Posted by Steve under 1001 Midnights , Pulp Fiction , Reviews[8] Comments
by Bill Pronzini
RAYMOND CHANDLER – The Big Sleep. Philip Marlowe #1. Alfred A. Knopf, hardcover, 1939. Avon Murder Mystery Monthly #7, digest paperback, 1942; New Avon Library [#38], paperback, 1943. Movie photoplay edition: World, hardcover, 1946. Reprinted many times since. Film: Warner Bros., 1946 (screenwriters William Faulkner, Leigh Brackett, Jules Furthman; director Howard Hawks; Humphrey Bogart as Marlowe). Also: United Artists, 1978 (screenwriter-director: Michael Winner; Robert Mitchum as Marlowe).

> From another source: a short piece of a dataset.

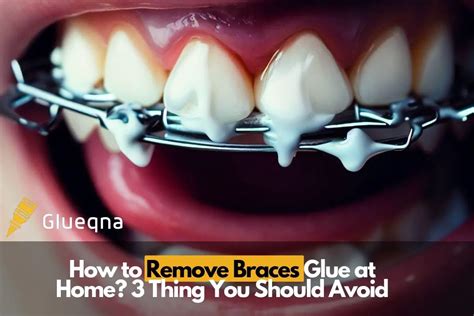 How To Remove Braces Glue At Home? 3 Things You Should Avoid - Glue QnA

It is difficult to imagine what the modern private eye story would be like if a forty-five-old ex-oil company executive named Raymond Chandler had not begun writing fiction for Black Mask in 1933. In his short stories and definitely in his novels, Chandler took the hardboiled prototype established by Dashiell Hammett, reshaped it to fit his own particular vision and the exigencies of life in southern California, smoothed off its rough edges, and made of it something more than a tale of realism and violence; he broadened it into a vehicle for social commentary, refined it with prose at once cynical and poetic, and elevated the character of the private eye to a mythical status — “down these mean streets a man must go who is not himself mean, who is neither tarnished nor afraid.”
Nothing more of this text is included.